This knife is meant to be an example of frontier blacksmithing and the waste not, want not frontier philosophy. The knife’s original career path was as a Nicholson Black Diamond file. This was a 1950’s era Black Diamond made from Bethlehem steel with a carbon content of over 1.25%. Nicholoson stopped using that alloy over 50 years ago although they kept the Black Diamond name. This file was too worn for any further sharpening and was repurposed into a knife blade. Joe Seabolt taught me how to carefully work, temper and anneal steel with a carbon content that proud. The style has a continental blade profile and a full tang. Both the tang and blade have a slight taper. The four-and-a-half-inch blade and nine-inch overall length make a handy knife with good balance. The blade is tempered to spring hardness to avoid brittleness. It is hand filed and hand stoned to shape. The blade has a bit of file work on the spine to set it off.

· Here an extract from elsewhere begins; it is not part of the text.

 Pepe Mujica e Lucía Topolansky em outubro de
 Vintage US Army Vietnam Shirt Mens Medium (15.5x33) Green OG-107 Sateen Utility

The scales are of Circassian Walnut donated by Ron Scott. A knife like this could have come out a Montreal smithy or perhaps St Louis or Fort de Chartres, the blade made from a file and the handle scales from a broken gunstock. Its file origins still show around the hilt of the blade and the French influenced handle is held with three copper rivets. The handle is shaped with planes and scrapers.
The knife has a frontier style sheath with an edge seam instead of a center seam. The sheath is constructed of bark tanned deer hide sewn with heavy waxed linen cord. It has a rawhide liner sewn with copper wire. There is a buckskin thong for securing the sheath when it is thrust through the belt or a sash.